### Records
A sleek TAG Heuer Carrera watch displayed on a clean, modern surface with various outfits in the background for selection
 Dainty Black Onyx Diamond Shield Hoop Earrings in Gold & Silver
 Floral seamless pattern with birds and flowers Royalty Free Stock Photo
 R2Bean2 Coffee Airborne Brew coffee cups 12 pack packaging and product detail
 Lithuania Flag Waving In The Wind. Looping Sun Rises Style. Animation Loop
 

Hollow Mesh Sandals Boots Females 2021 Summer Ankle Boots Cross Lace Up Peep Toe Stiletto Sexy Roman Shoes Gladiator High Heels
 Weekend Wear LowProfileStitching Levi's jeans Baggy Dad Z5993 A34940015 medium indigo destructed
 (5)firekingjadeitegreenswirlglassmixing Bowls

### The problem
Copy out all lines from the records where the word "with" appears.

### Exercise response
A sleek TAG Heuer Carrera watch displayed on a clean, modern surface with various outfits in the background for selection
 Floral seamless pattern with birds and flowers Royalty Free Stock Photo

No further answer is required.